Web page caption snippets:
◇ ◇ ◇ ◇
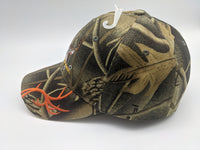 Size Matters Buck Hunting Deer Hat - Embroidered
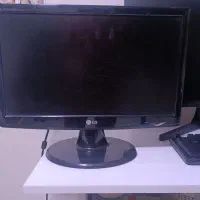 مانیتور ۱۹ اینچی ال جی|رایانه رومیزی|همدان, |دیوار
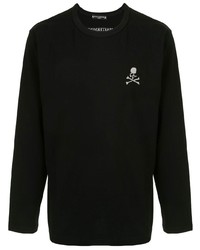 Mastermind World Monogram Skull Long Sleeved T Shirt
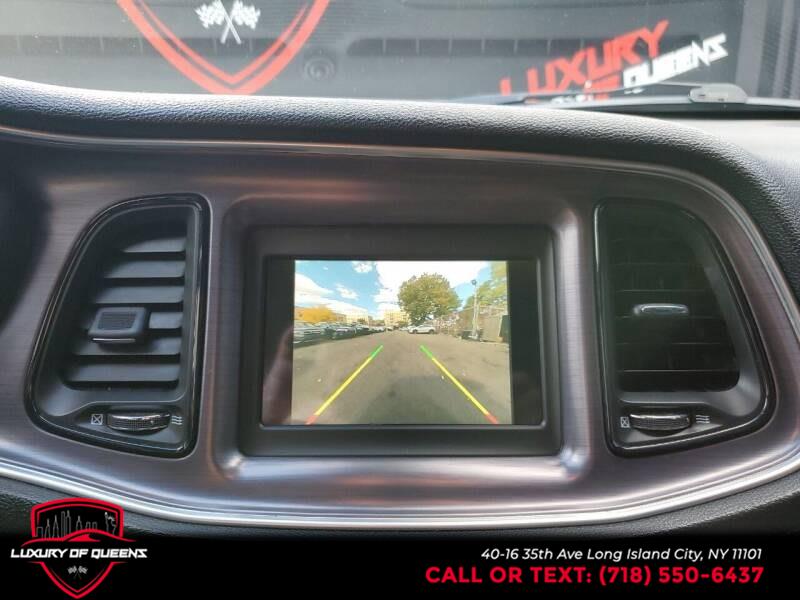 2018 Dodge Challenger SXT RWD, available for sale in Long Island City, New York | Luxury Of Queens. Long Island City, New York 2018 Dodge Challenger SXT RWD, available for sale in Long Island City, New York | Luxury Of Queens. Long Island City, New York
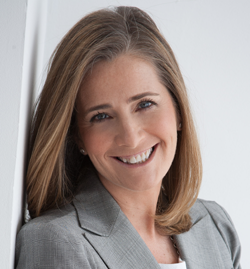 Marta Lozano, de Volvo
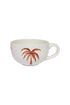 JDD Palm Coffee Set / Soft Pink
◇ ◇ ◇ ◇
*The task*
Every entry above is to be printed again exactly, pictures omitted.

*Output for this task*
 Size Matters Buck Hunting Deer Hat - Embroidered
 مانیتور ۱۹ اینچی ال جی|رایانه رومیزی|همدان, |دیوار
 Mastermind World Monogram Skull Long Sleeved T Shirt
 2018 Dodge Challenger SXT RWD, available for sale in Long Island City, New York | Luxury Of Queens. Long Island City, New York 2018 Dodge Challenger SXT RWD, available for sale in Long Island City, New York | Luxury Of Queens. Long Island City, New York
 Marta Lozano, de Volvo
 JDD Palm Coffee Set / Soft Pink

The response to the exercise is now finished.